### What is expected
Repeat only these lines, exactly: the first line of the data, the line containing "Lulus Dress Womens", and every line between them. Pictures stay out.

[Web page caption snippets]
--*--

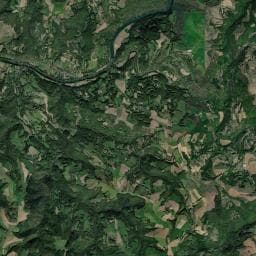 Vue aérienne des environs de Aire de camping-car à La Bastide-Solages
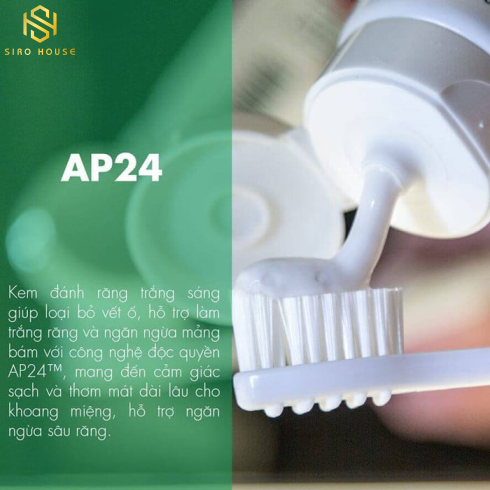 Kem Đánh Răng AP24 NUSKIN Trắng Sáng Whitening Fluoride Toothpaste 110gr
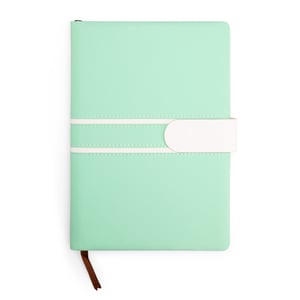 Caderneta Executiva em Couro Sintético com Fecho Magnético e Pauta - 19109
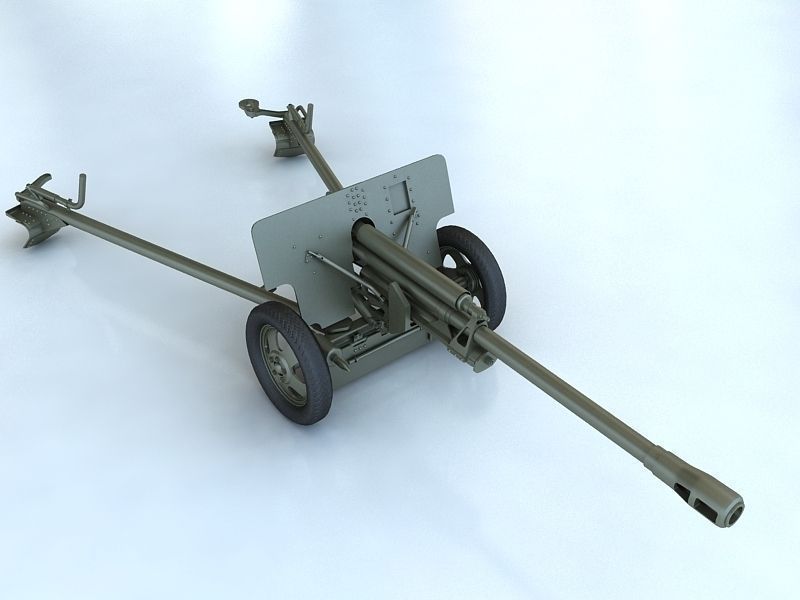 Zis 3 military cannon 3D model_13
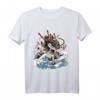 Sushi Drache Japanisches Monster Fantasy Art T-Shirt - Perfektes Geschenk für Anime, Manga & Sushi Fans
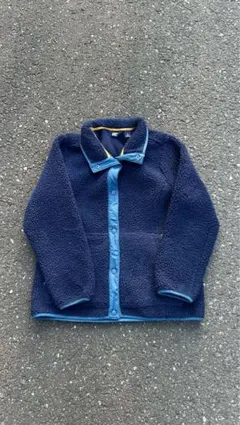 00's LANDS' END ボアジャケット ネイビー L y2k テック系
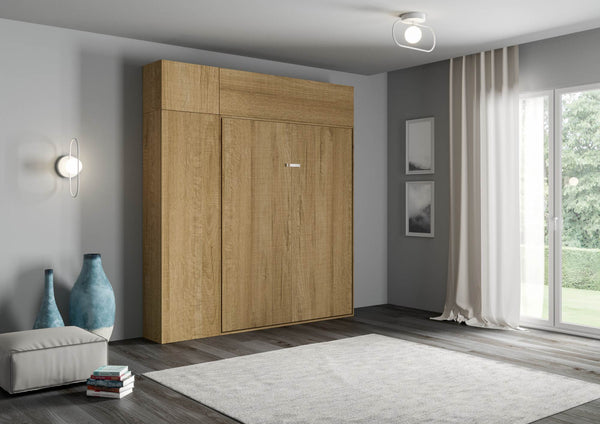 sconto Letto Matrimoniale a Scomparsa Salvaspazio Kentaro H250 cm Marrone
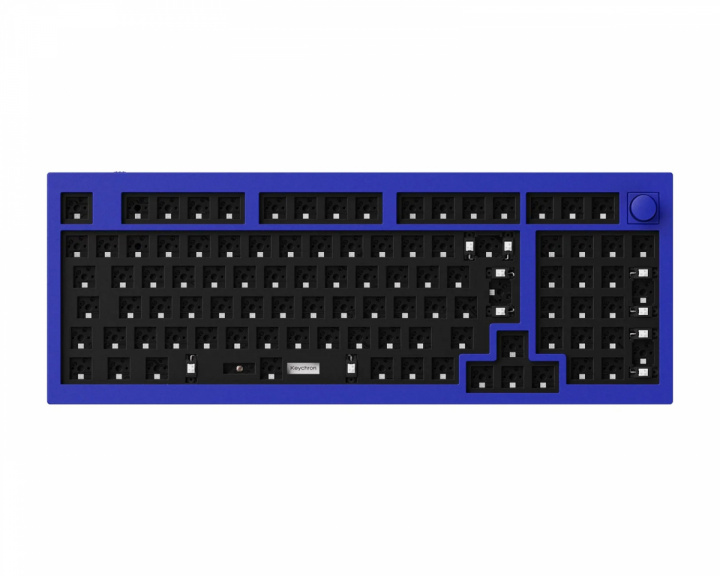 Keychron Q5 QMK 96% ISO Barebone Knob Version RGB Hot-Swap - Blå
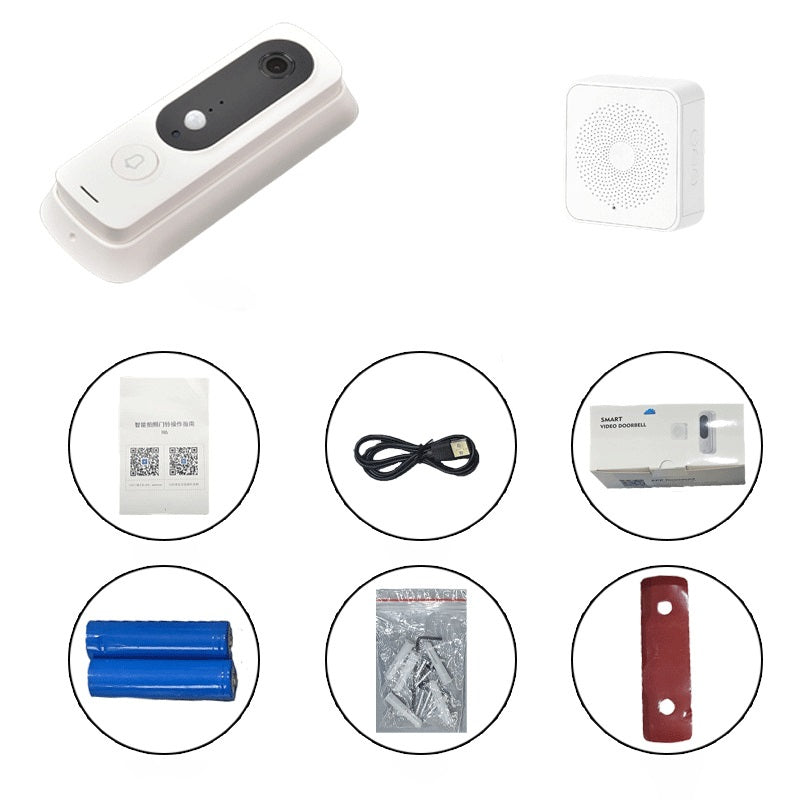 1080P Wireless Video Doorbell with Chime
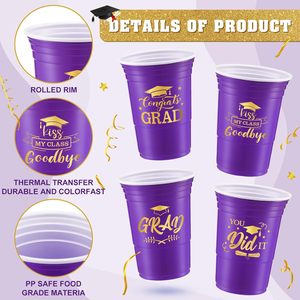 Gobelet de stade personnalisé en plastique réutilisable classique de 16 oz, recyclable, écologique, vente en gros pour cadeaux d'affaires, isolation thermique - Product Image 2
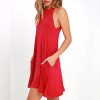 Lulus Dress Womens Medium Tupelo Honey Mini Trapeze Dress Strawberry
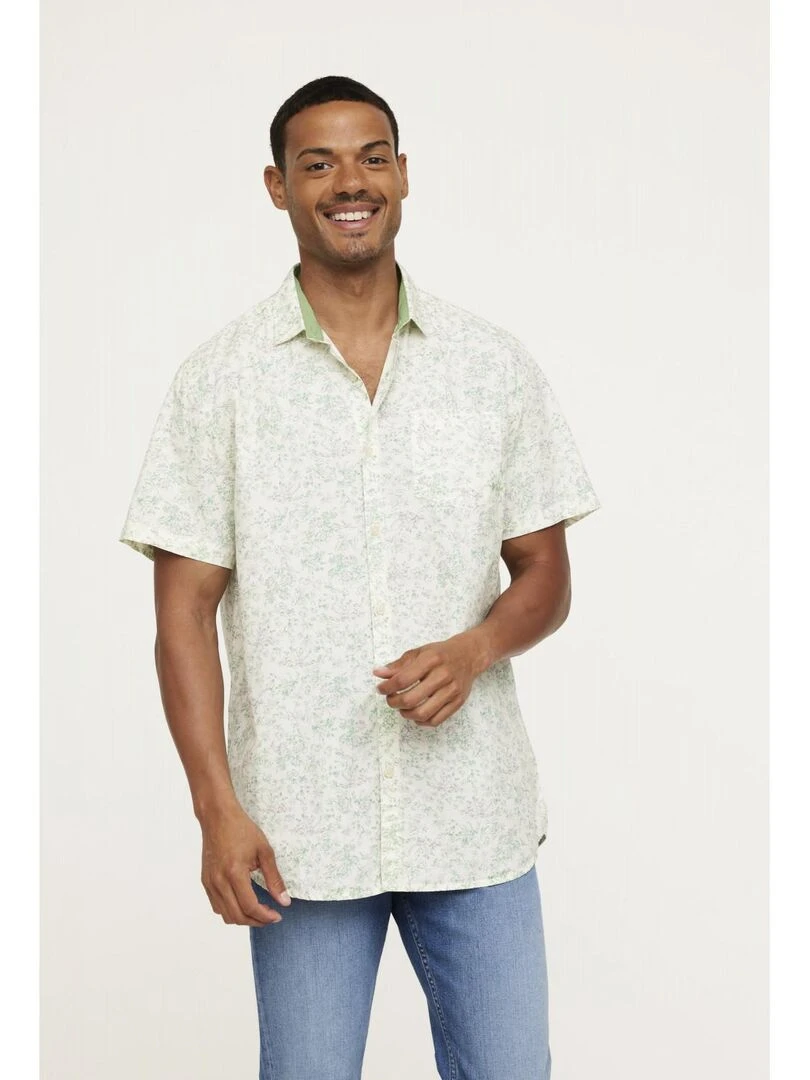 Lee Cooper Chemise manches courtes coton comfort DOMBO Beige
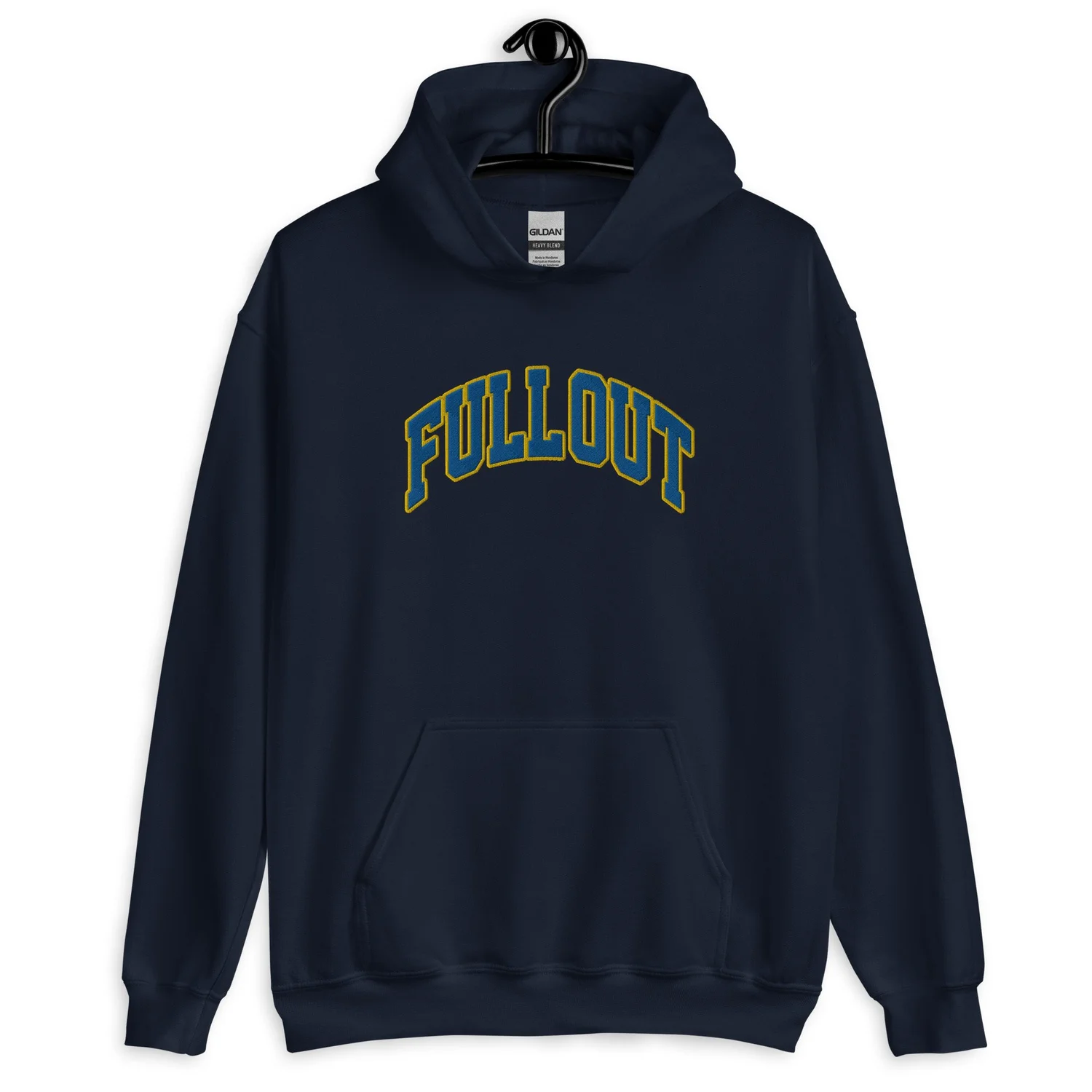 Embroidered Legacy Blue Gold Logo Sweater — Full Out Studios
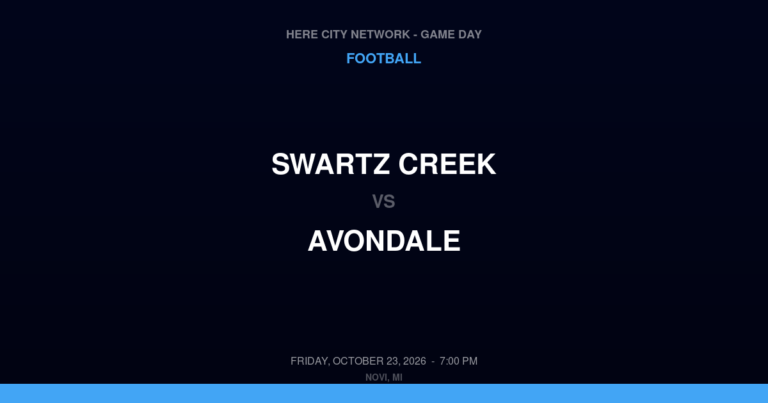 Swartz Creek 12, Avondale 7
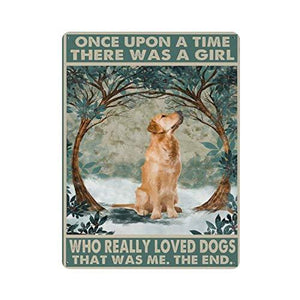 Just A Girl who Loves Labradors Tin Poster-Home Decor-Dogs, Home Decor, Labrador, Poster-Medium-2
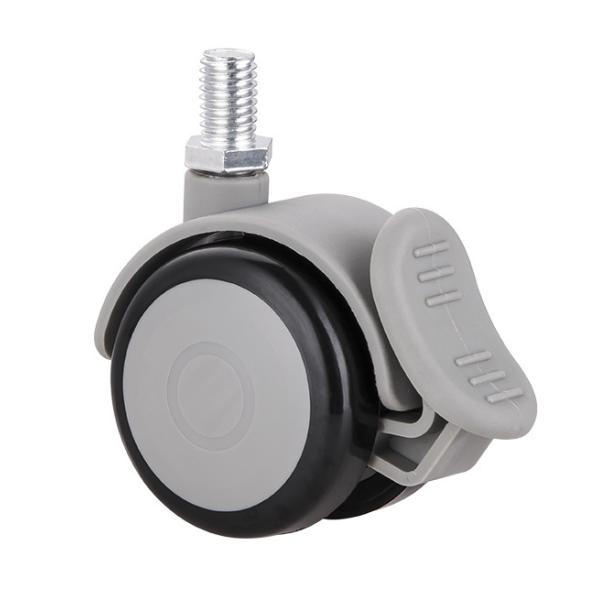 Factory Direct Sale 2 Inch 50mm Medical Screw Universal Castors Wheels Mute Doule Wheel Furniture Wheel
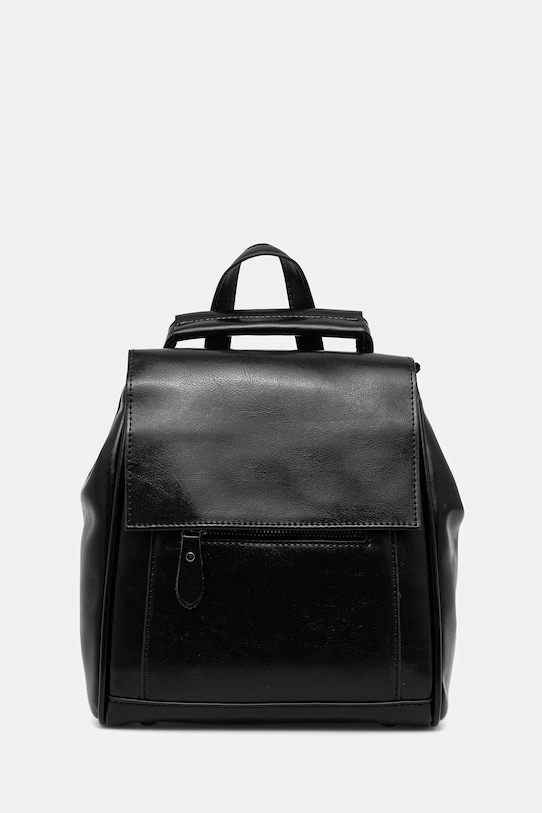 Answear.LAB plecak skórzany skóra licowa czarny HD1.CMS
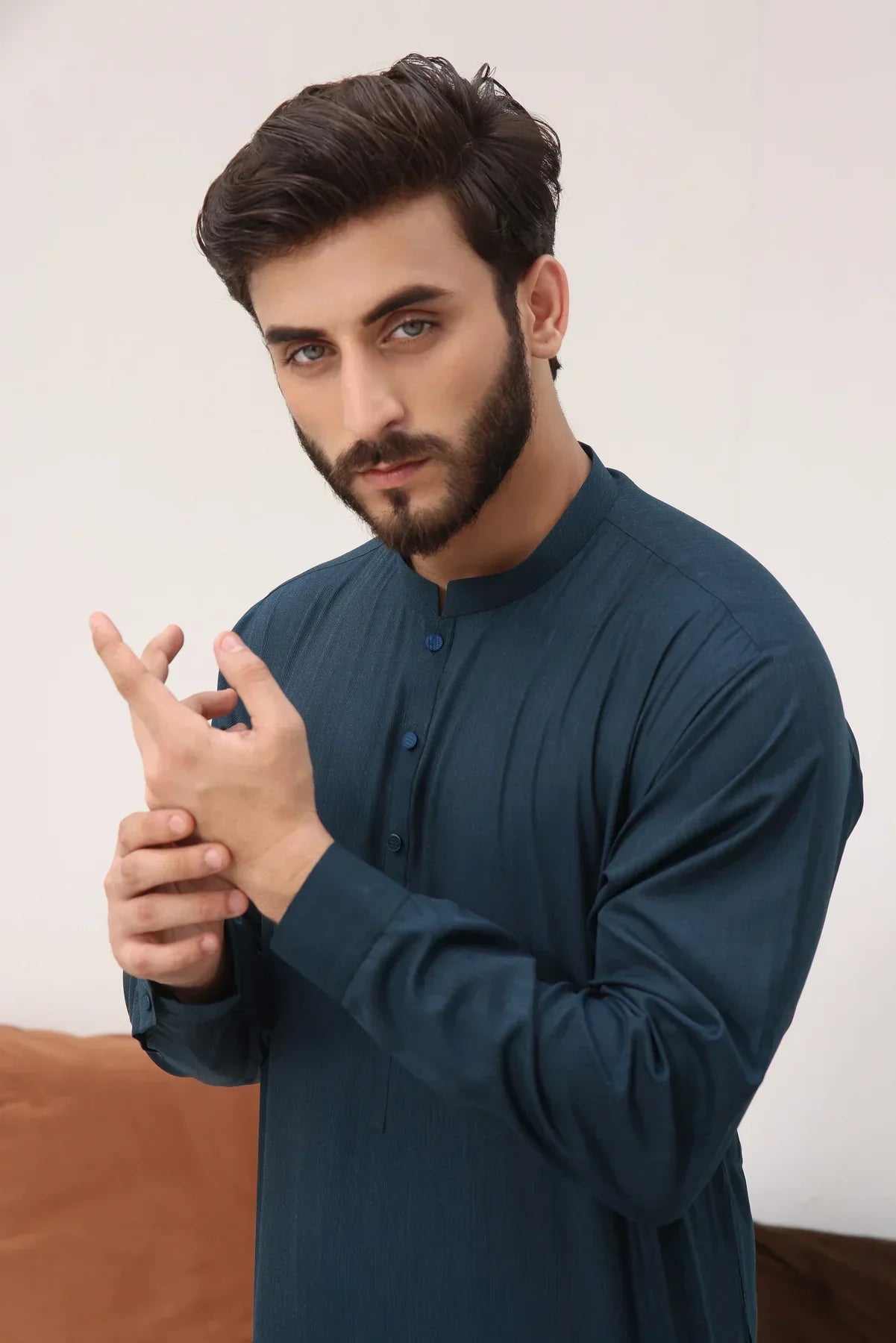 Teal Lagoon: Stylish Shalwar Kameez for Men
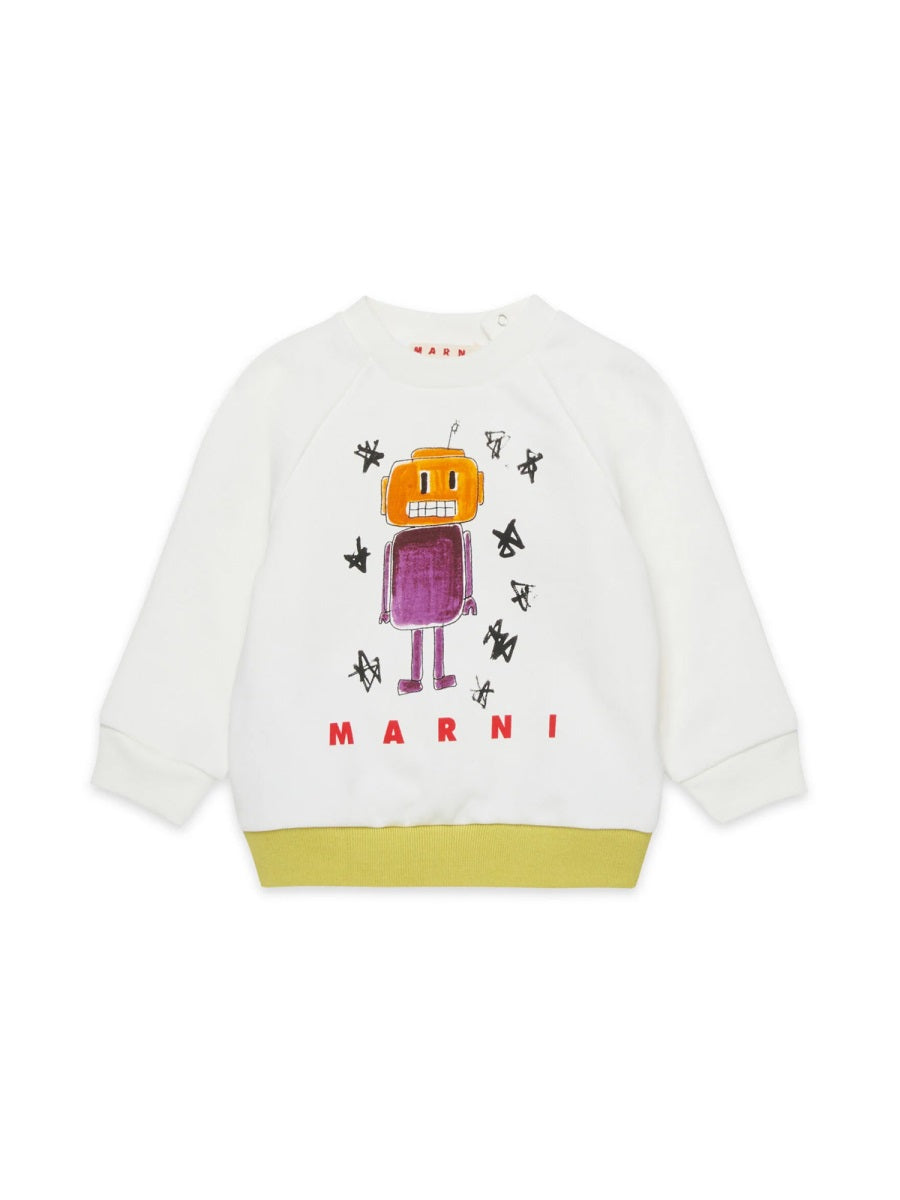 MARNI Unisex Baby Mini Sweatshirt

--*--

### Exercise result
 Vue aérienne des environs de Aire de camping-car à La Bastide-Solages
 Kem Đánh Răng AP24 NUSKIN Trắng Sáng Whitening Fluoride Toothpaste 110gr
 Caderneta Executiva em Couro Sintético com Fecho Magnético e Pauta - 19109
 Zis 3 military cannon 3D model_13
 Sushi Drache Japanisches Monster Fantasy Art T-Shirt - Perfektes Geschenk für Anime, Manga & Sushi Fans
 00's LANDS' END ボアジャケット ネイビー L y2k テック系
 sconto Letto Matrimoniale a Scomparsa Salvaspazio Kentaro H250 cm Marrone
 Keychron Q5 QMK 96% ISO Barebone Knob Version RGB Hot-Swap - Blå
 1080P Wireless Video Doorbell with Chime
 Gobelet de stade personnalisé en plastique réutilisable classique de 16 oz, recyclable, écologique, vente en gros pour cadeaux d'affaires, isolation thermique - Product Image 2
 Lulus Dress Womens Medium Tupelo Honey Mini Trapeze Dress Strawberry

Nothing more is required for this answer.